ACTION ITEM: Starting with the line with "2025 Volvo XC60 B5 Plus Dark Theme" in the entries below and going on through the line with "תמונת דוגמן קידמית של חולצת טי", output every line exactly and nothing more. No pictures.

STUDY MATERIAL:
****
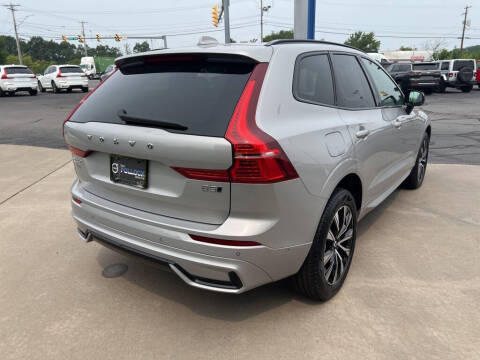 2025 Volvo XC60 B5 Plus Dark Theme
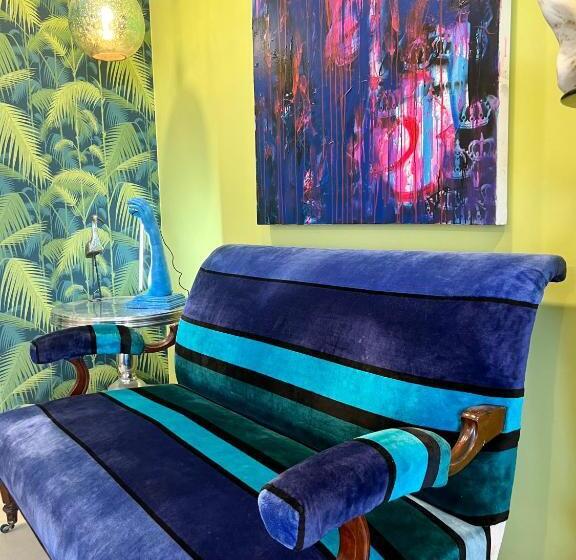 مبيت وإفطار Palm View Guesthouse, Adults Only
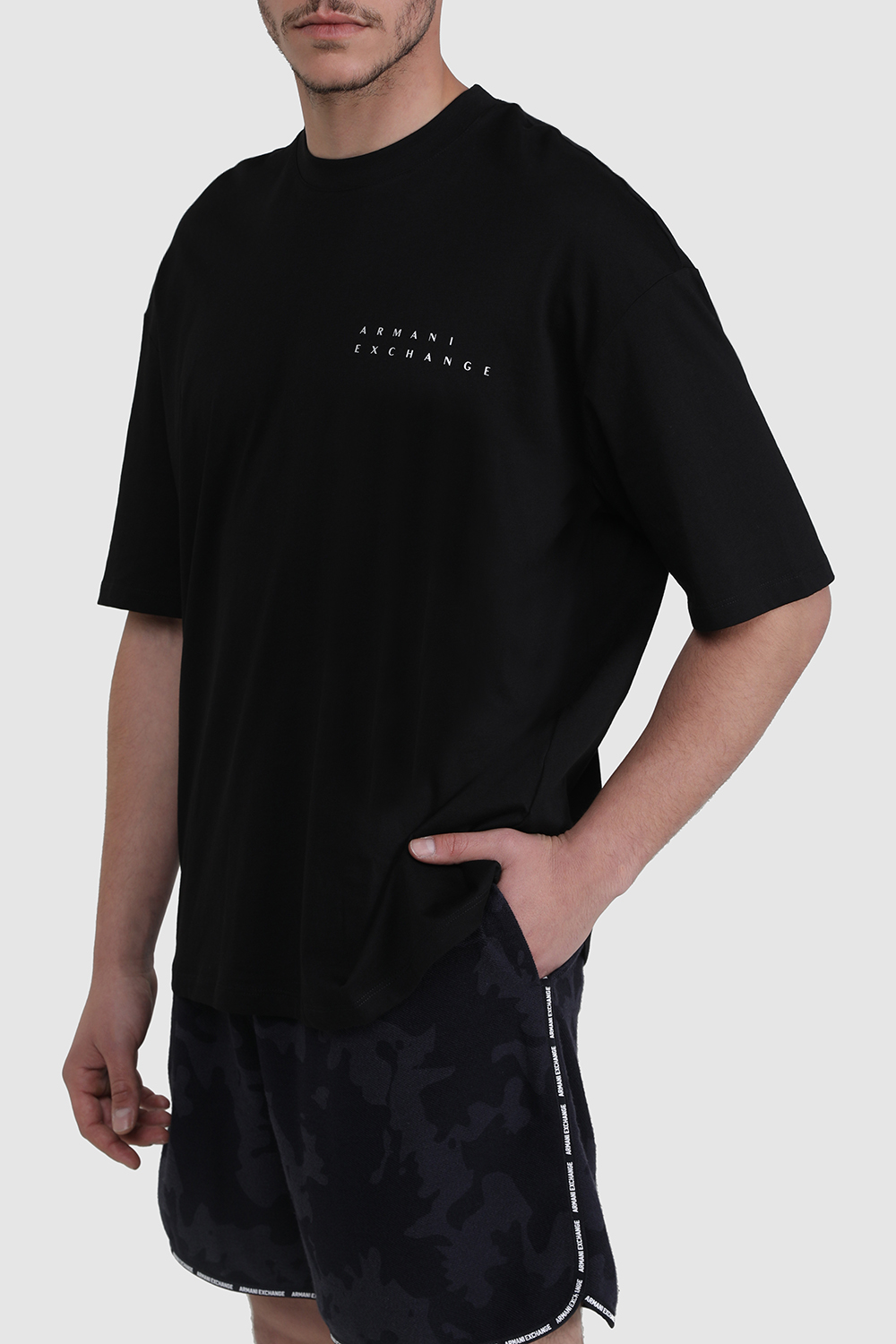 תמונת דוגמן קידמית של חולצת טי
****
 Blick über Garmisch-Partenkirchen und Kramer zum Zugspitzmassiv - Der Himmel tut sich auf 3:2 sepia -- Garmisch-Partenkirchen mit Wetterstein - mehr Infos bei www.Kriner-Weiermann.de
****
EXERCISE RESULT:
 2025 Volvo XC60 B5 Plus Dark Theme
 مبيت وإفطار Palm View Guesthouse, Adults Only
 תמונת דוגמן קידמית של חולצת טי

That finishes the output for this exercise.